### Exercise goal
In the listing below, print exactly the lines between the line holding "From deeper water" and the line holding "GSA St. Louis", inclusive, and no more.

### Data records
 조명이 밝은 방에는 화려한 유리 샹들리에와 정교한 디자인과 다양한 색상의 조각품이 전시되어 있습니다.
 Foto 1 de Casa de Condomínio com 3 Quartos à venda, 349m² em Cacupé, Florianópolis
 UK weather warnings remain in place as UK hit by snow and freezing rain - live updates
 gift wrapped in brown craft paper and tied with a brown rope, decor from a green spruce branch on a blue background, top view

* * *

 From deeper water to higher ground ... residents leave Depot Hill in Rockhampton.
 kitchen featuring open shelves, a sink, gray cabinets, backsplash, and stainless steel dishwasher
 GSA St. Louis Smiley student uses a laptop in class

### Response to this task
 From deeper water to higher ground ... residents leave Depot Hill in Rockhampton.
 kitchen featuring open shelves, a sink, gray cabinets, backsplash, and stainless steel dishwasher
 GSA St. Louis Smiley student uses a laptop in class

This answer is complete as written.